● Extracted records

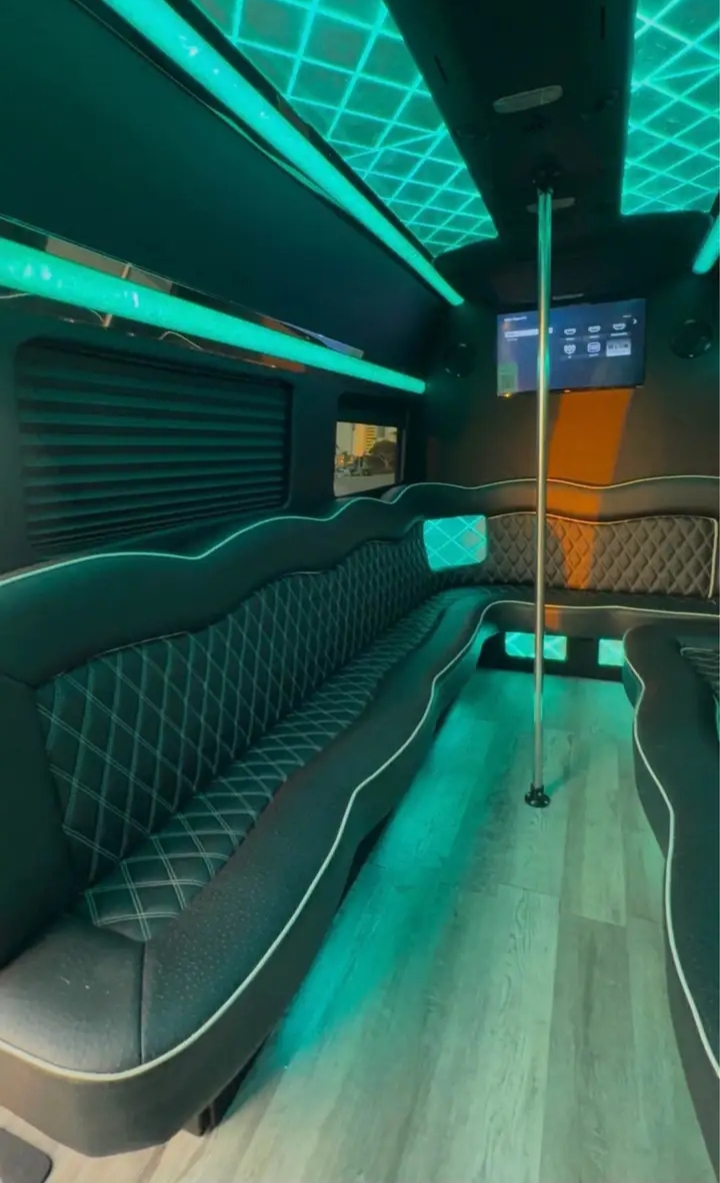 2024 Mercedes Benz Sprinter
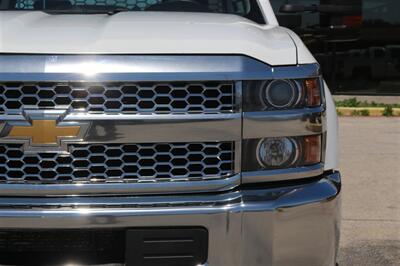 2019 Chevrolet Silverado 3500HD CC Work Truck   - Photo 14 - Arlington, TX 76011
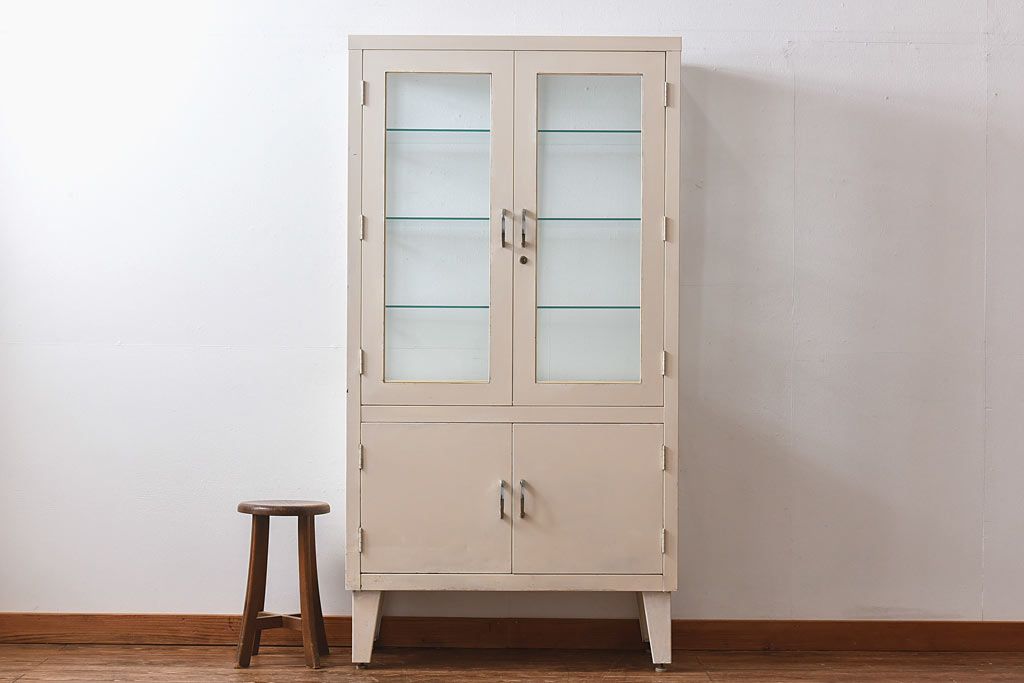 アンティーク家具　【展示品】和製アンティーク　オリジナルペイントが可愛らしいケビント(ガラスケース、収納棚、飾り棚)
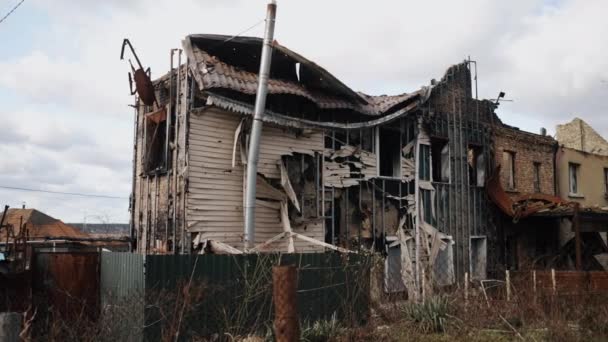 ビルが崩壊しました爆撃の後破片でいっぱい ウクライナでの戦争中 建物は衝突した シーンの破片 ほこり 破損した家がいっぱいだった 爆撃の余波 — ストック動画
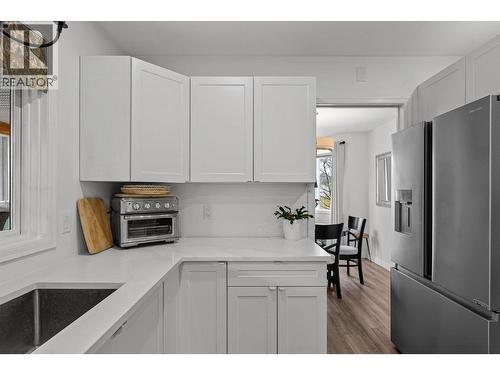 1255 Raymer Avenue Unit# 120, Kelowna, BC - Indoor Photo Showing Kitchen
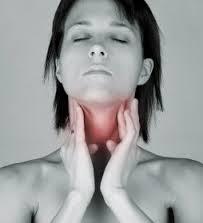 garganta3 20 consejos para combatir el dolor de garganta y los resfriados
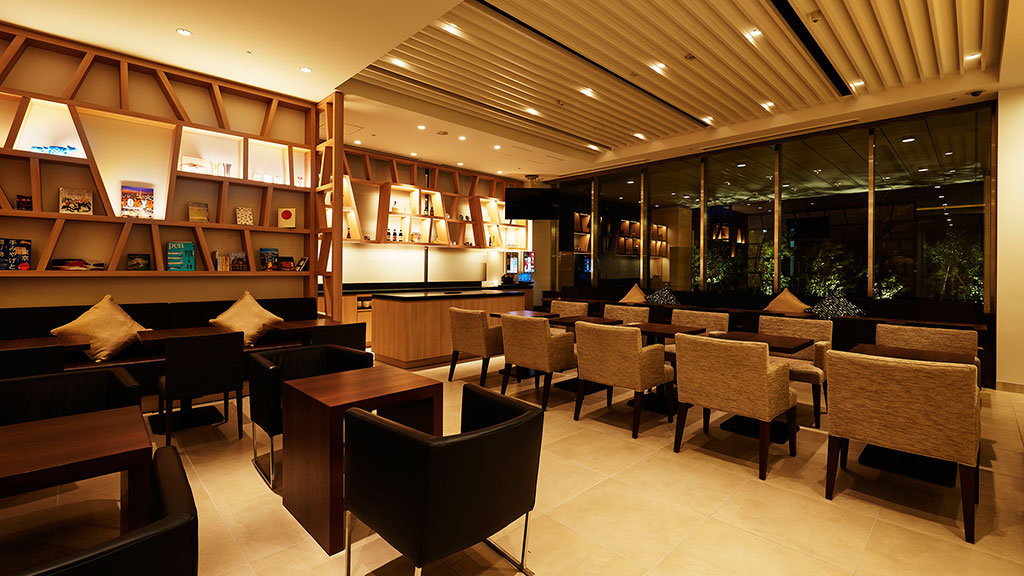 A room with chairs and tables.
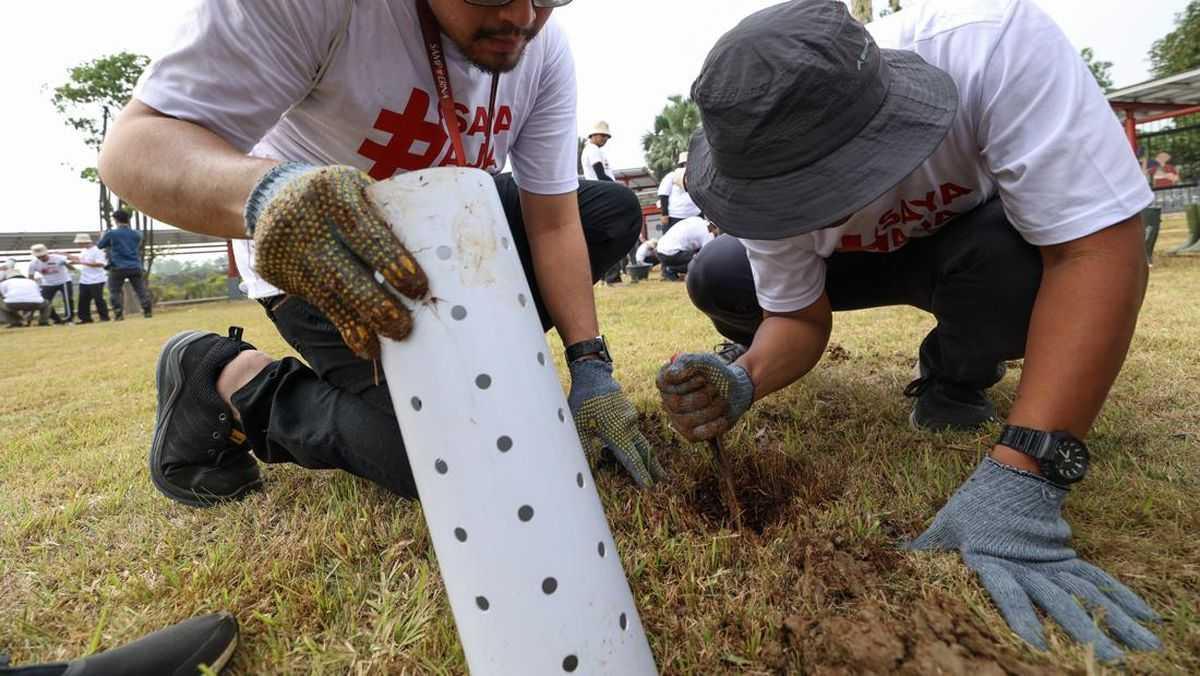 Cara membuat lubang biopori - Sinar Mas Land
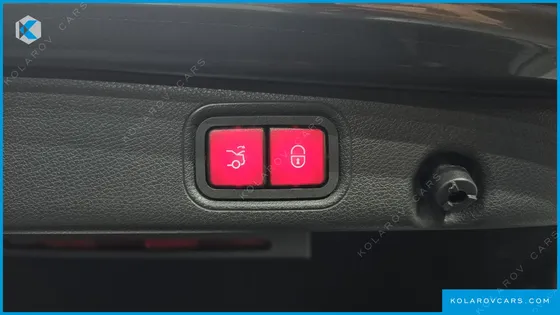 MERCEDES E-CLASS E220D 4MATIC EXCLUSIVE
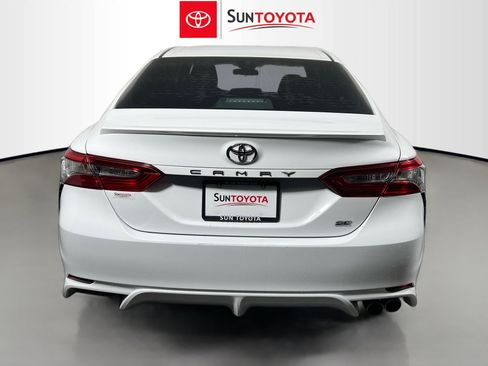 Used 2018 Toyota Camry SE FWD image 5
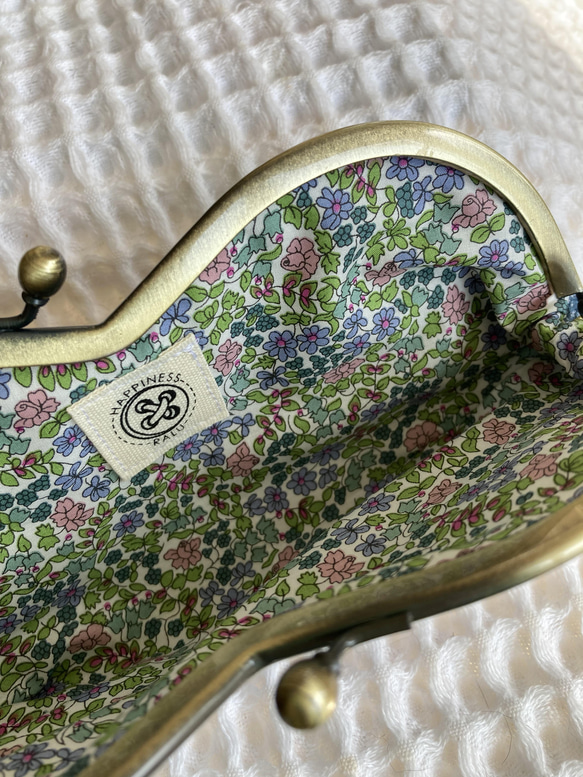 mina perhoneの刺繍の蝶が可愛い人気柄sky flowerを使ったメガネケースがま口＊ミナペルホネン×リバティ 4枚目の画像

● TASK REQUIREMENTS
Copy every line above word for word and exclude the pictures.

● YOUR SOLUTION
 2024 Mercedes Benz Sprinter
 2019 Chevrolet Silverado 3500HD CC Work Truck   - Photo 14 - Arlington, TX 76011
 アンティーク家具　【展示品】和製アンティーク　オリジナルペイントが可愛らしいケビント(ガラスケース、収納棚、飾り棚)
 ビルが崩壊しました爆撃の後破片でいっぱい ウクライナでの戦争中 建物は衝突した シーンの破片 ほこり 破損した家がいっぱいだった 爆撃の余波 — ストック動画
 1255 Raymer Avenue Unit# 120, Kelowna, BC - Indoor Photo Showing Kitchen
 garganta3 20 consejos para combatir el dolor de garganta y los resfriados
 A room with chairs and tables.
 Cara membuat lubang biopori - Sinar Mas Land
 MERCEDES E-CLASS E220D 4MATIC EXCLUSIVE
 Used 2018 Toyota Camry SE FWD image 5
 mina perhoneの刺繍の蝶が可愛い人気柄sky flowerを使ったメガネケースがま口＊ミナペルホネン×リバティ 4枚目の画像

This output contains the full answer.